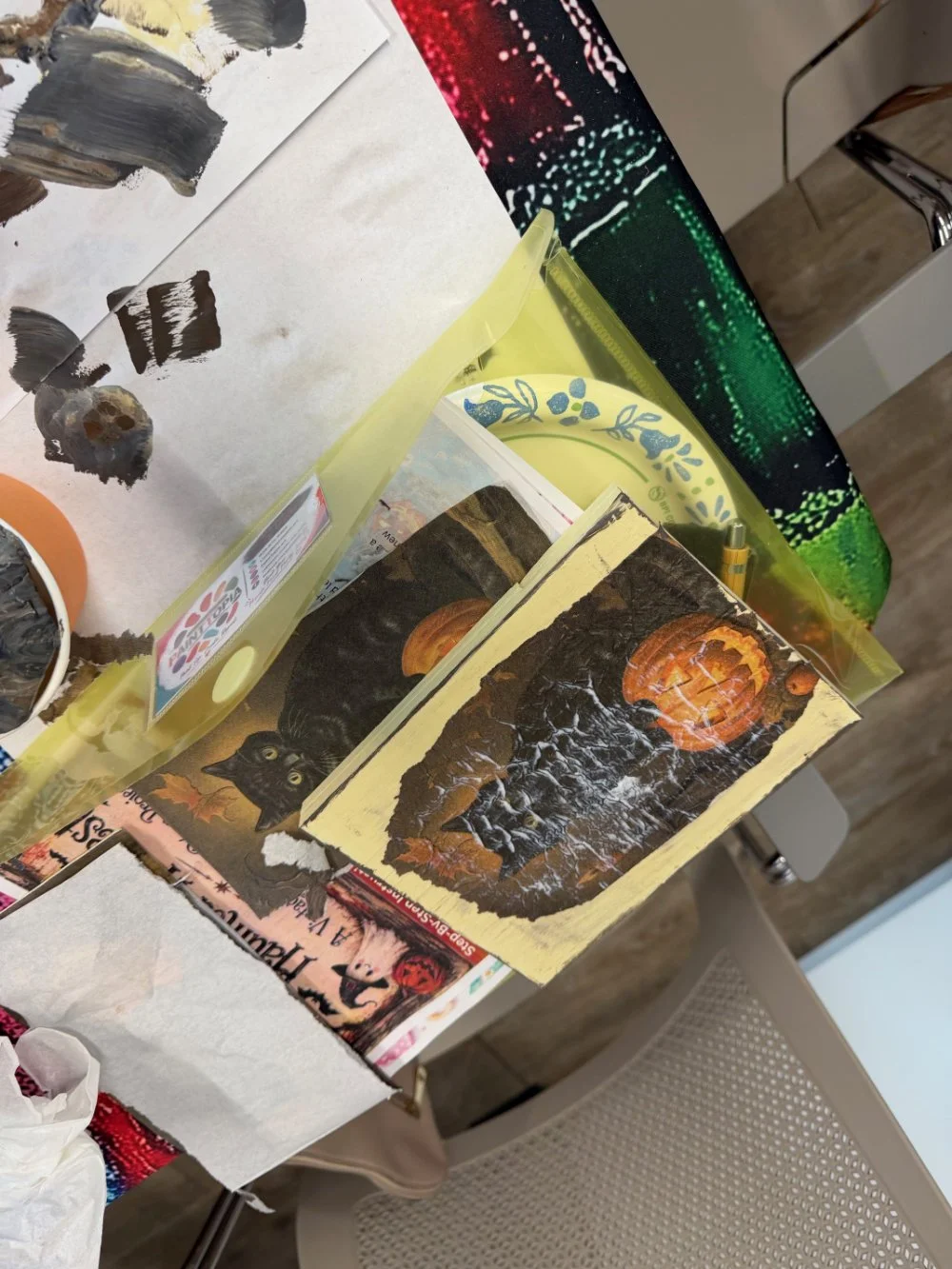 A tabletop with Halloween-themed decorations, including a picture of a carved pumpkin, black cats, and a moon, along with Halloween advertisements and paper items.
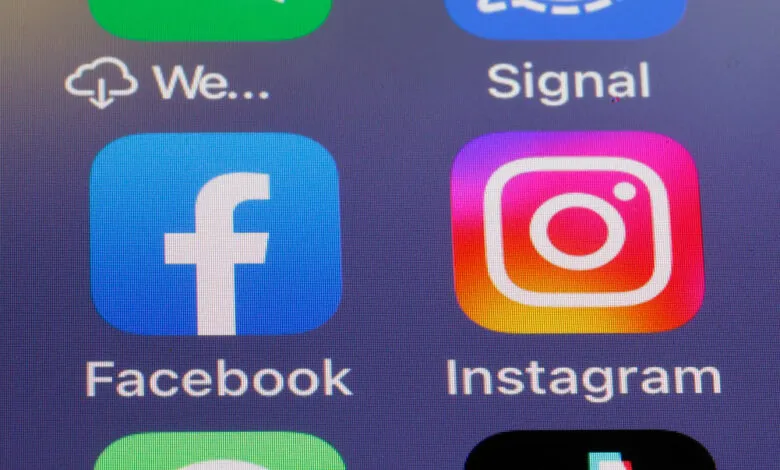 Close-up of Facebook and Instagram app icons on a phone screen.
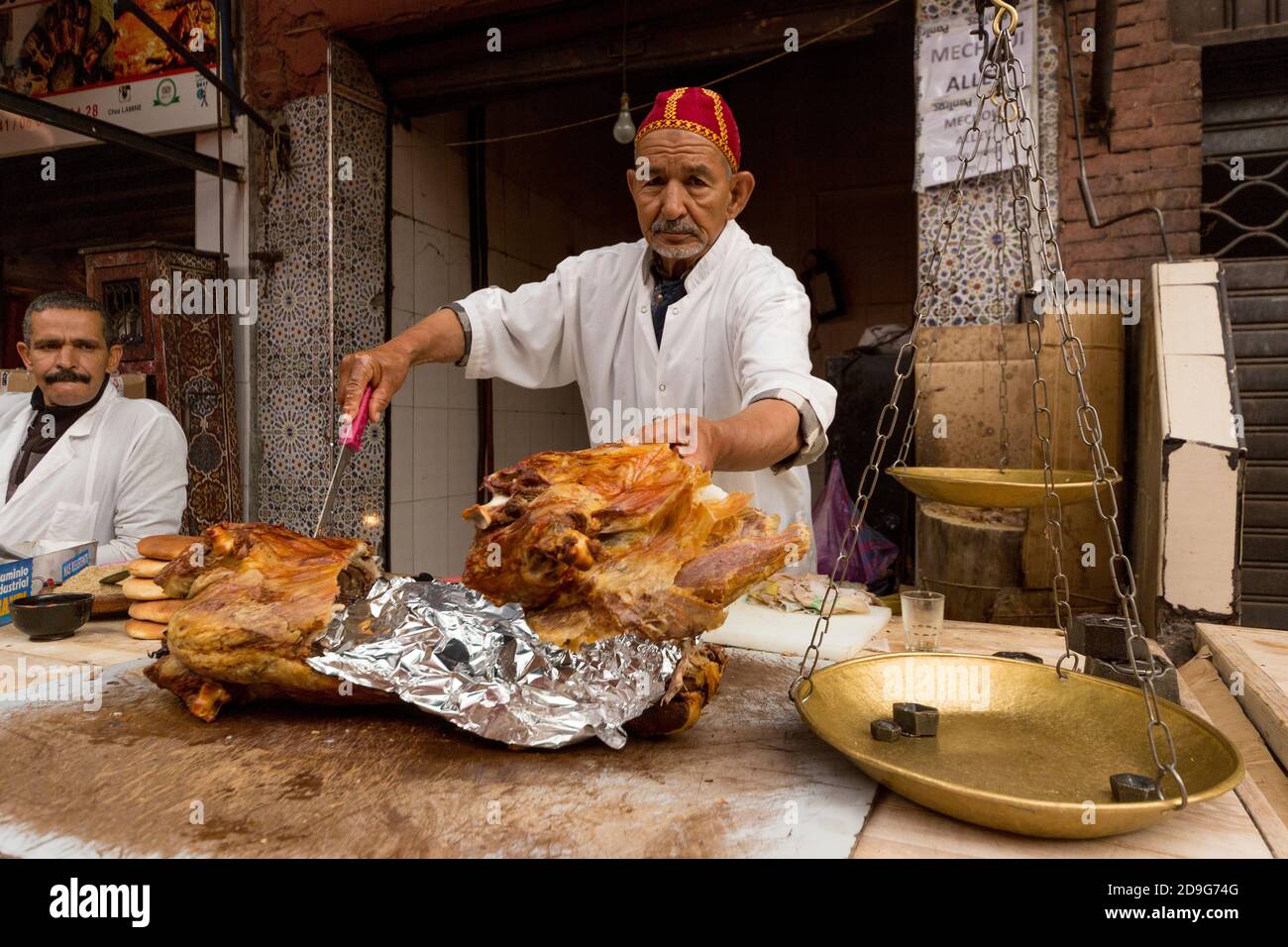 Uomo che vende mechoui (agnello a cottura lenta) nel souk di Marrakech, Marocco. Foto Stock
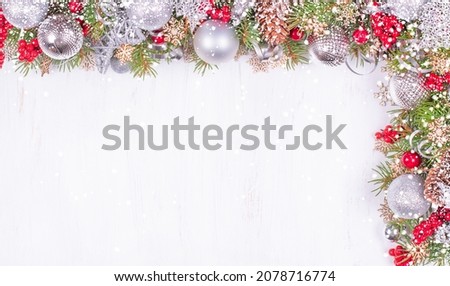 Christmas Card with Fir Branches, Silver Balls and Snowfall on White Holiday Background. Christmas Decoration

·····

- Action item -
Take the preceding listing and transcribe it exactly, skipping the pictures.

- Expected output -
 A tabletop with Halloween-themed decorations, including a picture of a carved pumpkin, black cats, and a moon, along with Halloween advertisements and paper items.
 Close-up of Facebook and Instagram app icons on a phone screen.
 Uomo che vende mechoui (agnello a cottura lenta) nel souk di Marrakech, Marocco. Foto Stock
 Christmas Card with Fir Branches, Silver Balls and Snowfall on White Holiday Background. Christmas Decoration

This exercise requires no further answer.